*Your objective*.
The output must be exactly the lines from the "Câmera IP Lâmpada" line through the end of the listing below, with no picture included.

*Source material*.
..........

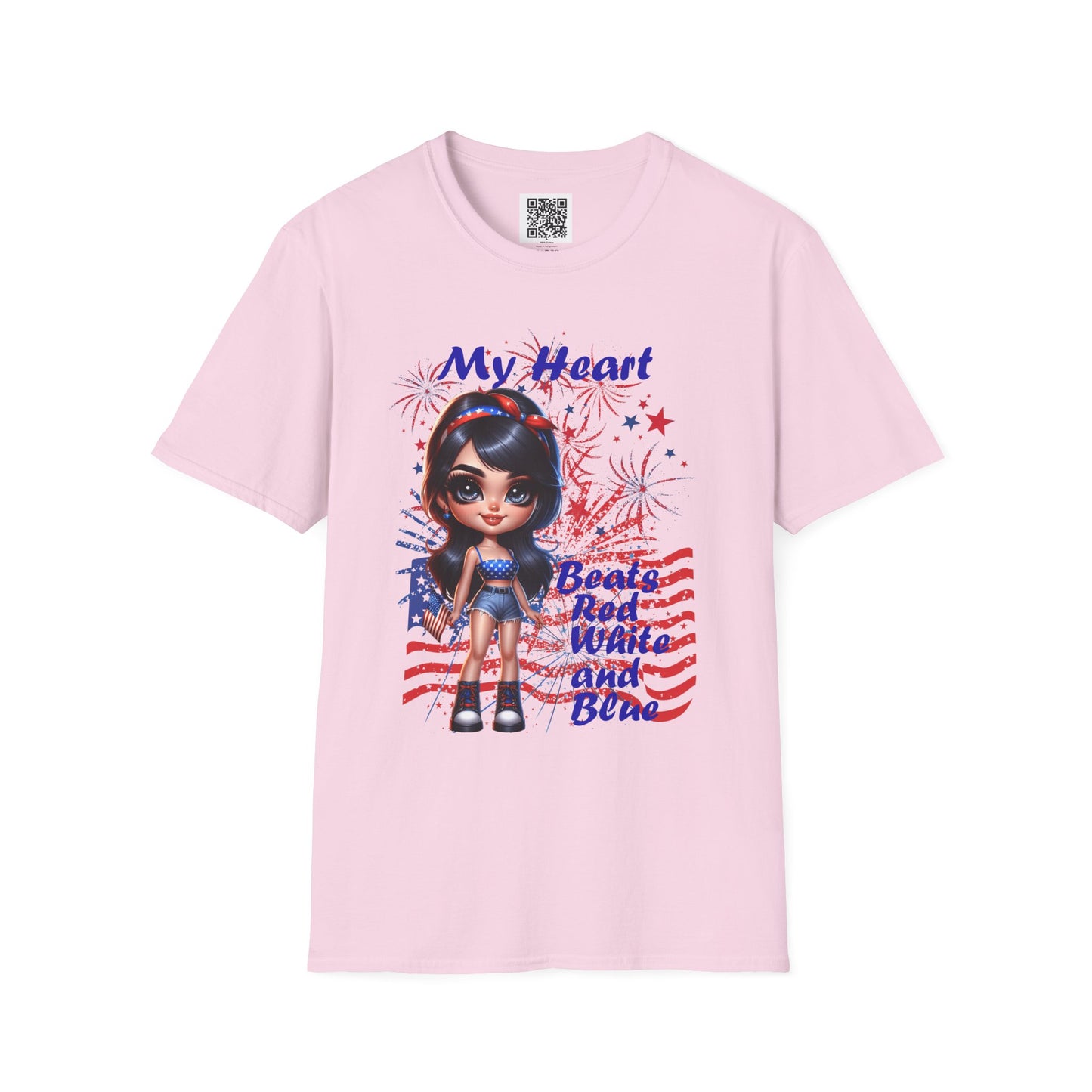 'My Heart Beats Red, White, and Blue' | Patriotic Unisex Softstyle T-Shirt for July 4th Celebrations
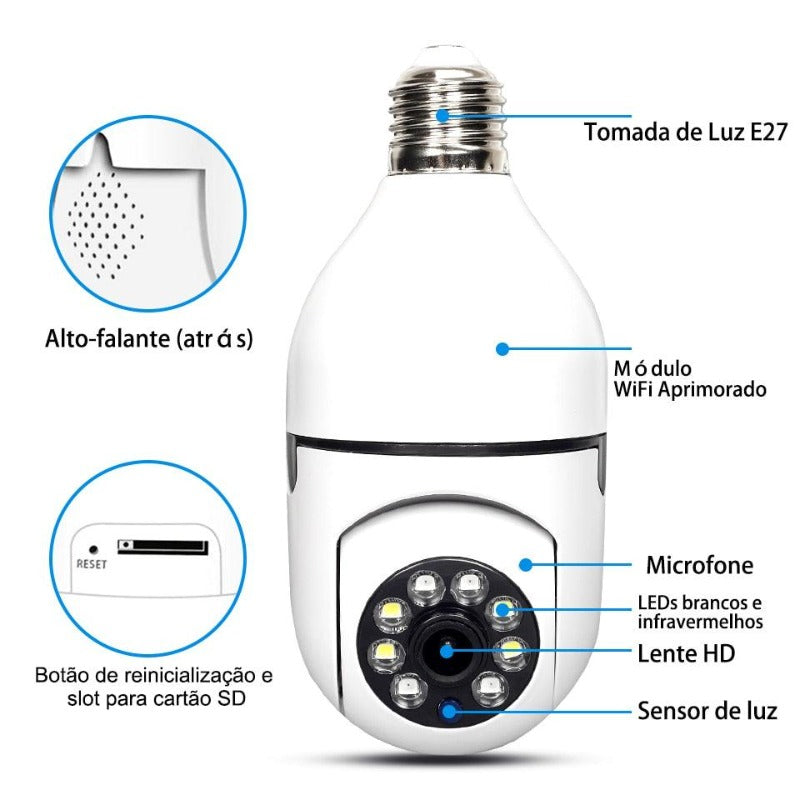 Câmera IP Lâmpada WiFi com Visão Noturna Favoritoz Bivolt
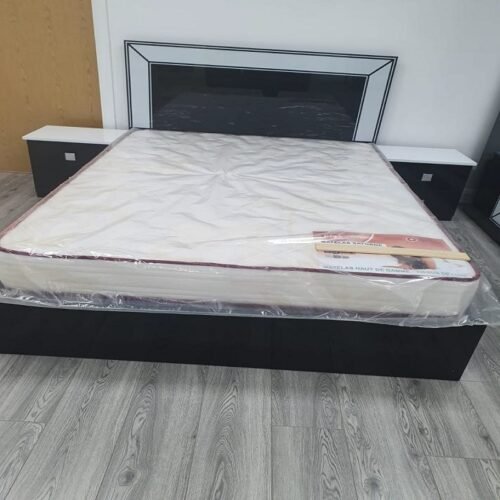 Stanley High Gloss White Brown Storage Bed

..........

*Response to the task*.
 Câmera IP Lâmpada WiFi com Visão Noturna Favoritoz Bivolt
 Stanley High Gloss White Brown Storage Bed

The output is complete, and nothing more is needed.